Targeting CRAC channels and leukotriene receptors to suppress mast cell activation
Mast cells are tightly linked to the development of allergies and nasal polyposis, the latter affecting up to 2% of the population. In this issue of the Journal, Di Capite et al (p 1014) report the presence of a novel positive feedback cycle in mast cells that might sustain activation in diseased states. This positive feedback cycle involves interplay between Ca2+ release–activated Ca2+ (CRAC) channels and cysteinyl leukotriene type I receptors. In both rodent and human mast cells, Ca2+ entry through open CRAC channels drives the synthesis and secretion of leukotriene C4, which then acts in a paracrine manner to generate Ca2+ signals that drive further cysteinyl leukotriene production.

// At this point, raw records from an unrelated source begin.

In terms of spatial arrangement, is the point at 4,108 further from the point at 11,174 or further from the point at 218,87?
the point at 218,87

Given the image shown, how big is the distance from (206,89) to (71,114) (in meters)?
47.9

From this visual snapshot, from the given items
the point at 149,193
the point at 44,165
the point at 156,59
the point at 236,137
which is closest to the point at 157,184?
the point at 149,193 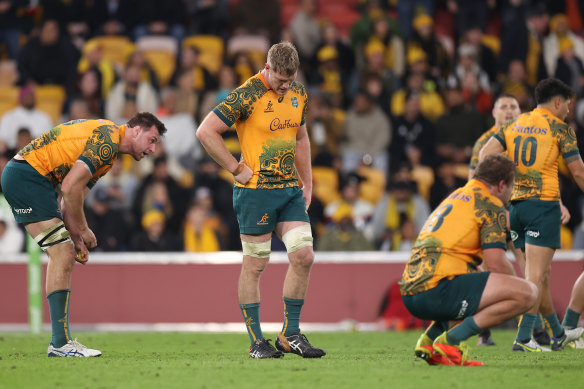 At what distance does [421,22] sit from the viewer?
1741cm

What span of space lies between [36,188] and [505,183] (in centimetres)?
394

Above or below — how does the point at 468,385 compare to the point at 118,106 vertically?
below

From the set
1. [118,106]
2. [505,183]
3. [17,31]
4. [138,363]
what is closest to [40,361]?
[138,363]

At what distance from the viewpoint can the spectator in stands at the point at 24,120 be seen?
15987mm

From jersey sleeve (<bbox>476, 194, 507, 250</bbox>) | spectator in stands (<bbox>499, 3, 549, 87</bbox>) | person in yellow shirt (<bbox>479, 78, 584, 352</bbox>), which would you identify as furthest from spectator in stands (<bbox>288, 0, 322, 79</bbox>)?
jersey sleeve (<bbox>476, 194, 507, 250</bbox>)

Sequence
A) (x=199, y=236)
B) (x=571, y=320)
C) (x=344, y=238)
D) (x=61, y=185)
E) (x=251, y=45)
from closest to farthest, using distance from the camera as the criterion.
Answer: (x=61, y=185)
(x=571, y=320)
(x=344, y=238)
(x=199, y=236)
(x=251, y=45)

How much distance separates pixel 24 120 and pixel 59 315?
867cm

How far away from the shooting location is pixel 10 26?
18.4 m

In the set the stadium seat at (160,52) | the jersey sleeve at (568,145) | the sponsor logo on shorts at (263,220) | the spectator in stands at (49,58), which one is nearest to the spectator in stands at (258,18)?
the stadium seat at (160,52)

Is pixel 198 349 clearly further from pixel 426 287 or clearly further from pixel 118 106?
pixel 118 106

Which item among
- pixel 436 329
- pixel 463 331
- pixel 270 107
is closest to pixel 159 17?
pixel 270 107

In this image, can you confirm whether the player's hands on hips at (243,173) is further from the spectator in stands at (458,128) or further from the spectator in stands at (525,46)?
the spectator in stands at (525,46)

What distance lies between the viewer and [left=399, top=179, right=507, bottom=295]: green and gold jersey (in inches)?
267

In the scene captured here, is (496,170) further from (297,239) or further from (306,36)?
(306,36) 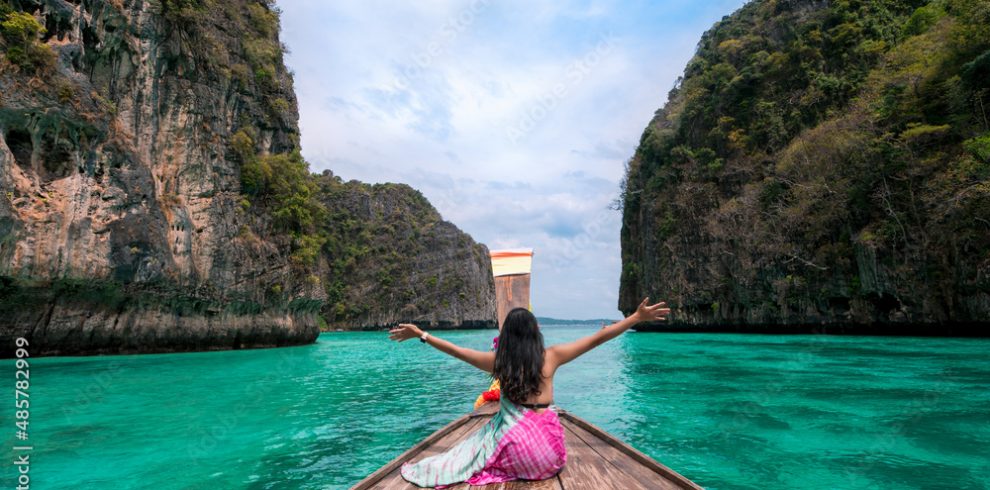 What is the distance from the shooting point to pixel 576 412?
28.3ft

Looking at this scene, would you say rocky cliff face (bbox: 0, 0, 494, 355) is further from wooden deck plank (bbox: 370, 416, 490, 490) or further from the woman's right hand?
the woman's right hand

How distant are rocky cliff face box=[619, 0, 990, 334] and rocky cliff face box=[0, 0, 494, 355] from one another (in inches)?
1094

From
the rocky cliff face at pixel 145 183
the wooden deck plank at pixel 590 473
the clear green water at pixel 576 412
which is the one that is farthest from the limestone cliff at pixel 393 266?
the wooden deck plank at pixel 590 473

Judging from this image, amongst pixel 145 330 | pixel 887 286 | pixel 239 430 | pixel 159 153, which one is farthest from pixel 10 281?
pixel 887 286

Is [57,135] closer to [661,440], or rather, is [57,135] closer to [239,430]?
[239,430]

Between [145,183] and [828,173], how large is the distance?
103 feet

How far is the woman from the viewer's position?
2.75m

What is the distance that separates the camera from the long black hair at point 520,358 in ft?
9.07

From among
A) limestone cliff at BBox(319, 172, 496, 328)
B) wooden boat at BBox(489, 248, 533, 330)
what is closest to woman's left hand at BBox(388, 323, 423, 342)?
wooden boat at BBox(489, 248, 533, 330)

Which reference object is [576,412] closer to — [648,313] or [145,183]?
[648,313]

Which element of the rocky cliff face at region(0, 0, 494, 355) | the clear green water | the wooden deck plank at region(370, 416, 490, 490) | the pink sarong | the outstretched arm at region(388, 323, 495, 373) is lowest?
the clear green water

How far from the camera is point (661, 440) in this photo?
6539 millimetres

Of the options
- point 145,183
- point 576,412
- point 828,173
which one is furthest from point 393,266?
point 576,412

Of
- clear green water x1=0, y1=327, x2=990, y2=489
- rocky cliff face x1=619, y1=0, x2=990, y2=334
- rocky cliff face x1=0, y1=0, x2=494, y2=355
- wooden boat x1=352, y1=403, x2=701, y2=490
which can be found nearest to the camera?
wooden boat x1=352, y1=403, x2=701, y2=490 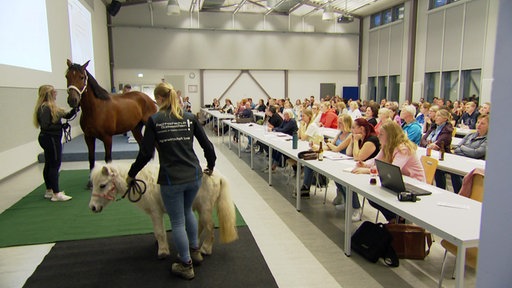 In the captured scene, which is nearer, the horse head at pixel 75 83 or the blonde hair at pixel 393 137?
the blonde hair at pixel 393 137

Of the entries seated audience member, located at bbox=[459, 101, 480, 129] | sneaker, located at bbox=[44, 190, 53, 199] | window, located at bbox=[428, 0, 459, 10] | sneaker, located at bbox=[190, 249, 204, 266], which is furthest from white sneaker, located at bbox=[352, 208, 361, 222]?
window, located at bbox=[428, 0, 459, 10]

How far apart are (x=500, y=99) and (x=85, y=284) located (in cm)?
281

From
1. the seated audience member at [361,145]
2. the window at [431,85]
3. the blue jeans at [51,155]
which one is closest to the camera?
the seated audience member at [361,145]

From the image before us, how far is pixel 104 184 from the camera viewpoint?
269 cm

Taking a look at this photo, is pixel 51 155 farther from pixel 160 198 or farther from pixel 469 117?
pixel 469 117

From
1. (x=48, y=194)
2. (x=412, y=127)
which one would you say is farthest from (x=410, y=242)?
(x=48, y=194)

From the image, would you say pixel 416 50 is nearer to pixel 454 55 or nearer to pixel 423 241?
pixel 454 55

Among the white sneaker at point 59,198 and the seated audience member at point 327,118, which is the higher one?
the seated audience member at point 327,118

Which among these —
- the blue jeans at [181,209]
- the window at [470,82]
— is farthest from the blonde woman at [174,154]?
the window at [470,82]

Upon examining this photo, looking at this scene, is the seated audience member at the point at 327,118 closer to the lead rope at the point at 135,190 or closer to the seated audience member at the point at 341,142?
the seated audience member at the point at 341,142

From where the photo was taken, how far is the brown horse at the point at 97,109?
442 cm

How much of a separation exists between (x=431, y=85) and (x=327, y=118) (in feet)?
24.6

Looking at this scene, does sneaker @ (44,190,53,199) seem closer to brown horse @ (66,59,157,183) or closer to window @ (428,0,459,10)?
brown horse @ (66,59,157,183)

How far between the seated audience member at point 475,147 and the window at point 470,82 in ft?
25.5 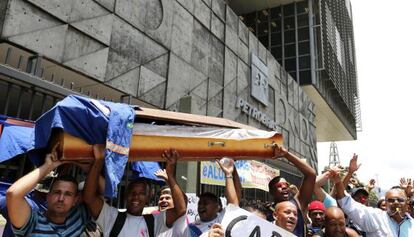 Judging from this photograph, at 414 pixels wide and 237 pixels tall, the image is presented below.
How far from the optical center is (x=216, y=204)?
3.82 metres

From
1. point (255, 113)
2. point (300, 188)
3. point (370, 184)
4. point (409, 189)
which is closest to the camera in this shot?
point (300, 188)

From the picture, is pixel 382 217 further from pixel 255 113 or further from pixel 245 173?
pixel 255 113

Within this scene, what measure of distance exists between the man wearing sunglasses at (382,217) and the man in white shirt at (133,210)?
212 centimetres

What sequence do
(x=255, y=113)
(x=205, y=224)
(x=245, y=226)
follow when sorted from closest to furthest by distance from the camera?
(x=245, y=226) → (x=205, y=224) → (x=255, y=113)

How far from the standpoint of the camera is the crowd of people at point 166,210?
2578 mm

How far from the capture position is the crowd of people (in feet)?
8.46

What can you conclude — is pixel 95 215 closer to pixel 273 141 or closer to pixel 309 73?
pixel 273 141

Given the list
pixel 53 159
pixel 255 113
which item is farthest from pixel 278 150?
pixel 255 113

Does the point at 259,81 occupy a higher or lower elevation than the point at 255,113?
higher

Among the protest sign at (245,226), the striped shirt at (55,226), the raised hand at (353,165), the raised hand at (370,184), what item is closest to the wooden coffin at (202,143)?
the striped shirt at (55,226)

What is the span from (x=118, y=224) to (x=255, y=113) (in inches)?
544

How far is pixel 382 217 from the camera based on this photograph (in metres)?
4.19

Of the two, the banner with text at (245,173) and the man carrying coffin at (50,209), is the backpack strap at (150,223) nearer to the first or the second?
the man carrying coffin at (50,209)

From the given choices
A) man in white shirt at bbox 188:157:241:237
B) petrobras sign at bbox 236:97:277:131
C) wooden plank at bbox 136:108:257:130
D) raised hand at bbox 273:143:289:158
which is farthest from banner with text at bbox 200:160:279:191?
wooden plank at bbox 136:108:257:130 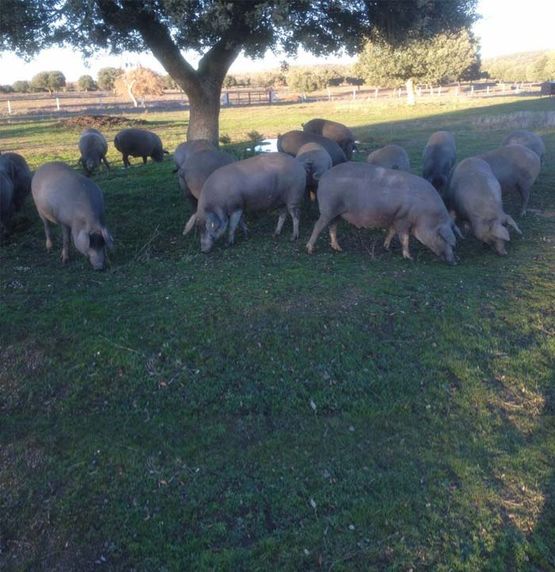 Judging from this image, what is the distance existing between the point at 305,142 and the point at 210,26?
3319mm

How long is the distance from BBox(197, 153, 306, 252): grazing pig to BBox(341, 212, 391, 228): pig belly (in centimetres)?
133

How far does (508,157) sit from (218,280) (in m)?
7.40

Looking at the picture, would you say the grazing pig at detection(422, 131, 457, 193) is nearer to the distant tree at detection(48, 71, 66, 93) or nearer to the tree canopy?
the tree canopy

This feed-forward loop results in an intercellular Ca2+ wave that spreads through the mast cell population. The authors report how a combination therapy that targets both proteins is effective at suppressing mast cell activation (see Figure). Importantly, the combination of a moderate concentration of a CRAC channel blocker with a modest dose of the cysteinyl leukotriene receptor type I antagonist was as effective at blocking paracrine activation of mast cells as higher concentrations of either drug. This is important clinically because it means that a lower concentration of drugs could be prescribed, reducing the side effects and drug dependence.
Combining montelukast with a CRAC inhibitor suppresses mast cell activation.
Prenatal and maternal influences on newborn immune responses of US urban children
Immunologic responses at birth likely relate to subsequent risks for allergic diseases and wheezing in infancy, but maternal and prenatal influences on neonatal responses are not well understood. At birth, cord blood mononuclear cells can respond to both innate and adaptive stimuli, although innate responses are more developed. The innate immune system defends the host from infection in a nonspecific manner. The adaptive immune system confers more long-lasting protective immunity against infection but also can be involved in allergic responses. Gold et al (p 1078) evaluated the influences of maternal and prenatal factors on cord blood mononuclear cell cytokine production in response to innate and adaptive stimuli in 560 and 49 children from families with and without an allergy/asthma history participating in URECA, a prospective multicenter urban birth cohort study. Responses to stimuli were generally lower to adaptive than innate stimuli and were lower in infants with a parental history of allergy/asthma. Season of birth (see Figure), birth weight, gestational age, and ethnicity influenced the magnitude of the responses. Maternal asthma was associated with reduced cytokine responses to respiratory syncytial virus. Pregnancy, birth, and family characteristics influence immune responses in children at birth. Follow-up of these urban children will help us understand the clinical implications of our findings on allergy and asthma development.
Season of birth influences cord blood mononuclear cell production of the cytokine IFN-γ in response to stimulation by tetanus toxoid, cockroach allergen, and dust mite allergen.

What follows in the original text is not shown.